::: COLLECTED MATERIAL

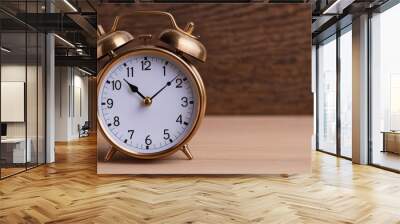 A vintage gold alarm clock rests on a wooden surface, showcasing its classic design and detailing against a natural backdrop. Wall mural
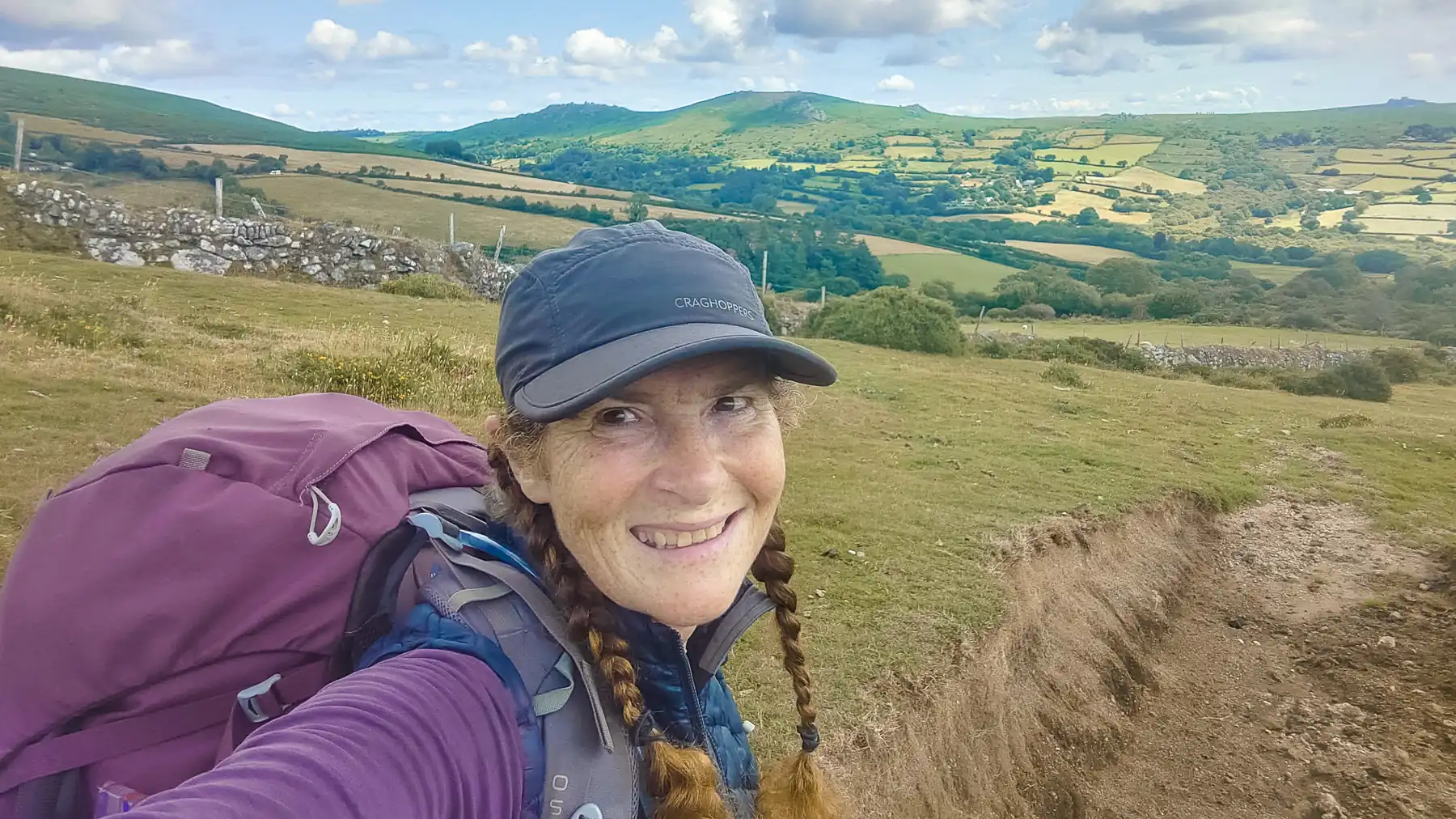 Stephanie Boon, smiling at the camera, is hiking on a sunny day on Dartmoor. On the horizon, is a patchwork of fields on rough ground.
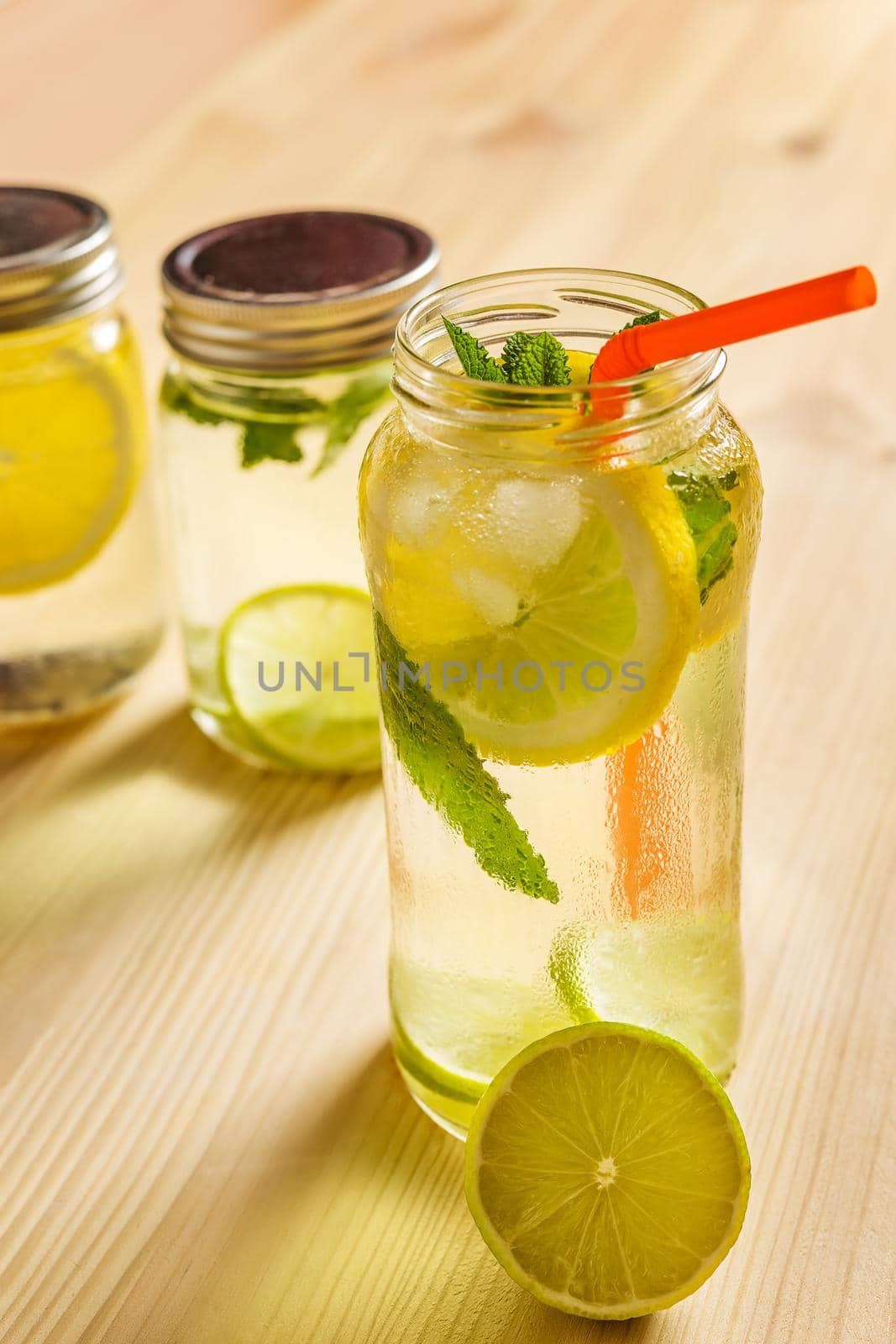 vertical image os a glass jar full of water with ice, slices of lemon, lime and mint leaves, also has a cane to drink and another lemonade unfocused in the background, all is on a wooden table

::::::

* ACTION ITEM:
When copying the listing, print each line exactly but leave out every picture.

* EXERCISE ANSWER:
 A vintage gold alarm clock rests on a wooden surface, showcasing its classic design and detailing against a natural backdrop. Wall mural
 Stephanie Boon, smiling at the camera, is hiking on a sunny day on Dartmoor. On the horizon, is a patchwork of fields on rough ground.
 vertical image os a glass jar full of water with ice, slices of lemon, lime and mint leaves, also has a cane to drink and another lemonade unfocused in the background, all is on a wooden table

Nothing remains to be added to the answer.